Maarten De Ceulaer im Interview : Alles soll Seele haben

Er ist ein Wanderer zwischen der Welt der Kunst und der des Designs. Der Belgier Maarten De Ceulaer machte schnell Karriere, doch er musste auch gegen viele Widerstände kämpfen. Im Gespräch äußert er sich zu seinem raschen Erfolg, der Kritik und seinem Selbstverständnis als Designer.

Chris Meplon
Maarten De Ceulaer studierte Design an der Eidhoven Design Academy.
Maarten De Ceulaer studierte Design an der Eidhoven Design Academy.Foto: Pieke Schreuder

An seinem 25. Geburtstag wurde der belgische Designer Maarten De Ceulaer von der „New York Times“ zu einem der fünf Designtalente ausgerufen, auf die man in Zukunft achten müsse. Nun ist er 30 Jahre alt, und sein Werk reist rund um die Welt, von Mailand und Basel bis nach New York und Miami. Seine bekanntesten Entwürfe werden handwerklich hergestellt, Stück für Stück verarbeitet, sehr luxuriös.

Wie so viele seiner Generation, die an der angesehenen Eindhoven Design Academy ausgebildet wurden, flirtet er mit „Design Art“. Er beendete 2008 sein Studium in Eindhoven mit „Pile of Suitcases“, einem farbigen Kleiderschrank für moderne Stadtnomaden, der aus asymmetrisch gestapelten schicken Lederkoffern besteht. Das Stück wurde auf der Graduation Show der Akademie sofort von der Presse aufgenommen und anschließend von Trendguru Li Edelkoort, der damaligen Direktorin der Akademie für eine Ausstellung im Rahmen der „Art Object Rotterdam“ ausgewählt.

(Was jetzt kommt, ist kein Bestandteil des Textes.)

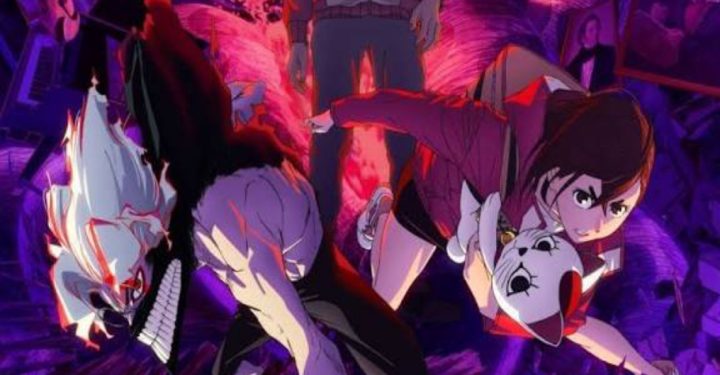 アニメ『ダンダン』：エキサイティングなストーリーとシーズン3は2027年に公開予定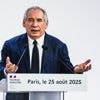 DIRECT. Vote de confiance du 8 septembre : François Bayrou sur la sellette, les oppositions promettent de voter contre la politique du Premier ministre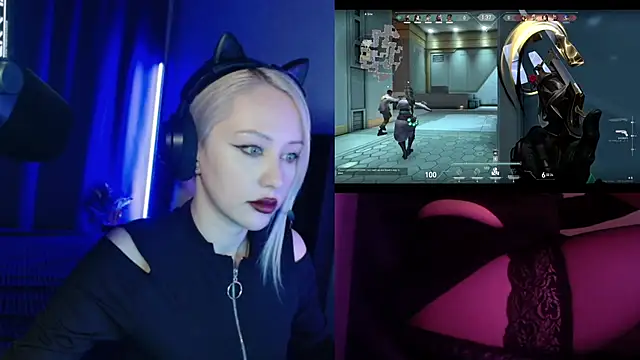 roxxyrowe online show from 06/28/26, 09:43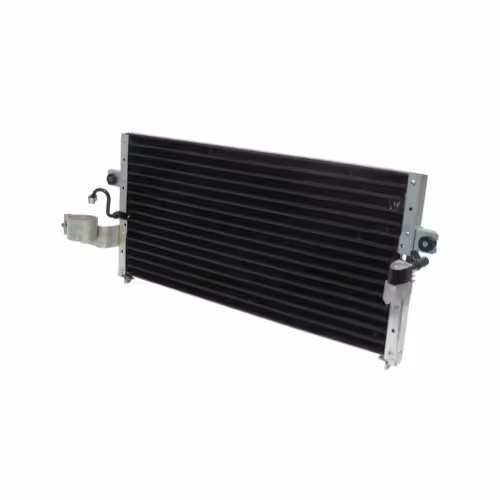 UAC Condensador Nissan Sentra 91-94 UAC CN4322 Colombia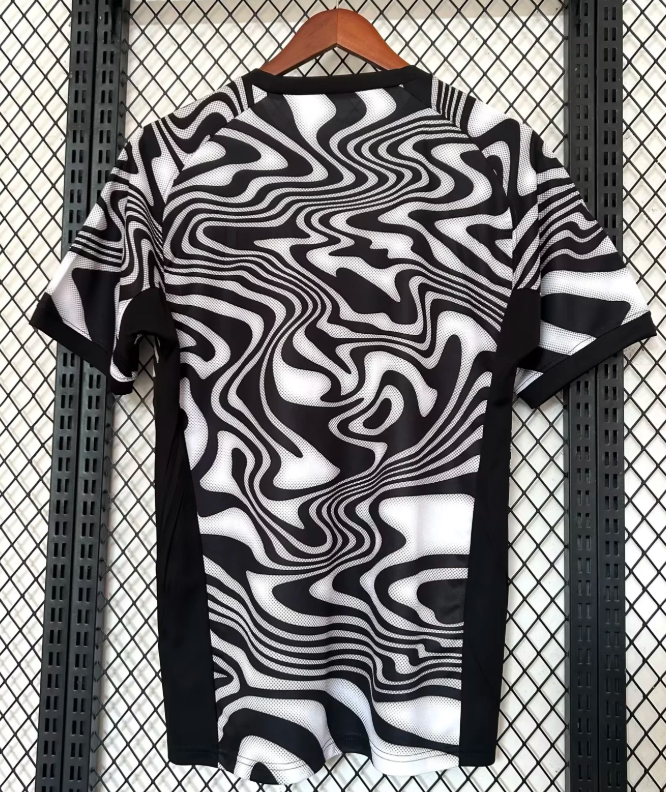 2026 Brazil Goalkeeper Football Shirt 1:1 Thai Quality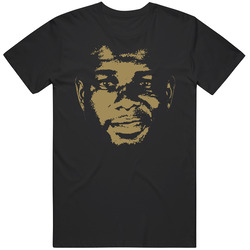 Kwon Alexander New Orleans Football Player Fan Big Head T Shirt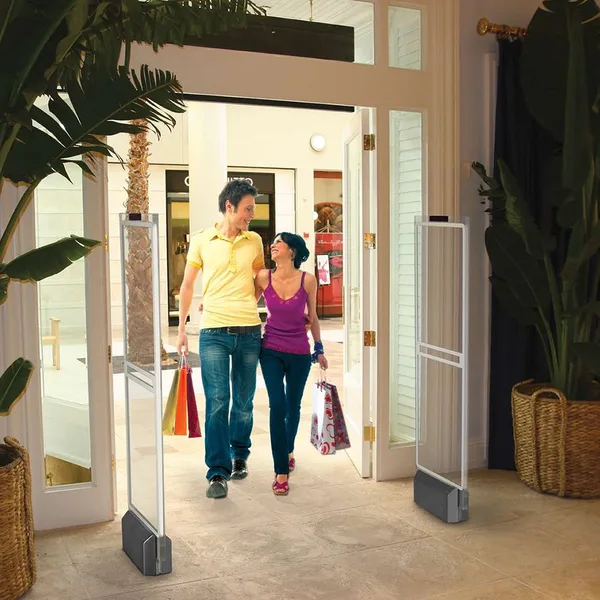 İnce Akusto Manyetik 8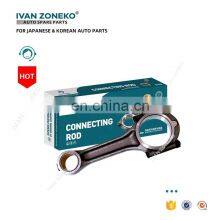 Quality And Quantity Assured Car Diesel Engine Connecting Rod Oem 23510-42001 23510-42002 For Hyundai H1 thumbnail-1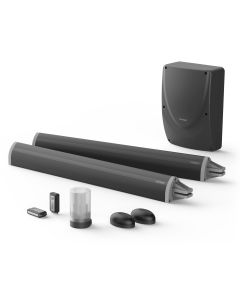 V300 - Operatore per cancelli a battente V300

Dort wurde der „Pile of Suitcases“ von Nina Yashar von der Galerie Nilufar in Mailand entdeckt. Im Auftrag von Nilufar durfte De Ceulaer nun – ausgehend vom Konzept der luxuriösen Lederkoffer – eine ganze Kollektion entwerfen.

Welchen Ihrer zahlreichen Entwürfe halten Sie für den besten?

Noch immer „Pile of Suitcases“, aber ich freue mich auch weiterhin über meine andere Abschlussarbeit – die „Nomad Light Molecule“. Ich würde gerne daran weiterarbeiten, aber die Hersteller fanden die Produktion zu teuer. Das Konzept ist das einer sogenannten Mutterlampe, von der man lose Lichtelemente abnehmen kann. Man kann sie dann für vier Stunden als Lese- oder Taschenlampe benutzen. Wenn sie leer sind, setzt man sie zum Aufladen wieder auf die Mutterlampe. Es ist eine poetische Variation der mobilen Lampen, die jetzt auf dem Markt sind – aber die haben alle ein hässliches Ladegerät.

Sie starteten als sehr junger Designer mit viel Presseunterstützung. Hatten Sie auch mit Problemen zu kämpfen?

Nach meinem schnellen Start begann ich frohen Mutes eine ganze Reihe von Projekten, die ich danach aber auf halber Strecke ruhen lassen musste. Ich ging die Dinge impulsiv an und folgte meinem Gefühl, aber der Druck, das gleiche hohe Niveau wie bei dem vorherigen Werk zu erreichen, kann sehr lähmend sein. Wenn man dann noch, wie ich, ein Chaot mit vielen Ideen ist, kann es sehr schwierig werden, Projekte ohne echte Deadline auch zu Ende zu bringen. Der Auftrag von Fendi für Design Miami 2012 sorgte plötzlich für Veränderung. Es gab eine scharfe Deadline und ich war natürlich verpflichtet, sehr schnell Knoten durchzuhacken.

Welches war der beste und nützlichste Rat, den Sie bekamen?

Befreundete Designer, die das Gleiche mitgemacht hatten, rieten mir, es ruhig angehen zu lassen. Man muss dem eigenen Gefühl folgen, aber sich selbst auch Zeit und Raum gönnen, um seine Projekte wachsen zu lassen. Design ist nicht wie Mode, man muss nicht permanent mit etwas Neuem herauskommen.

Das Sofa aus der „Mutation-Serie“ wurde auf einer Ausstellung in Dubai gezeigt.
Das Sofa aus der „Mutation-Serie“ wurde auf einer Ausstellung in Dubai gezeigt.Foto: Maarten De Ceulaer

Welche Kritik fanden Sie bis jetzt die ungerechteste? Was tat Ihnen weh?

Dass ich nur teure Produkte für reiche Sammler mache. Ich arbeite schließlich erst seit ein paar Jahren. Ich genieße es, Dinge zu machen, die sehr viel Zeit und Mühe kosten, ohne Kompromisse; dadurch bekommen sie am Ende wirklich eine Seele. Das heißt aber nicht, dass ich es nicht auch auf eine andere Art probieren will. Natürlich würde ich gerne einen Entwurf in hoher Auflage von einem guten Produzenten herstellen lassen. Aber dann unter der Bedingung, dass ich mein Gefühl einbringen kann, dass meine Idee auf eine qualitative und ökonomische Art und Weise produziert werden kann.

Was ist das Schönste und Größte, das ein Designer erreichen kann?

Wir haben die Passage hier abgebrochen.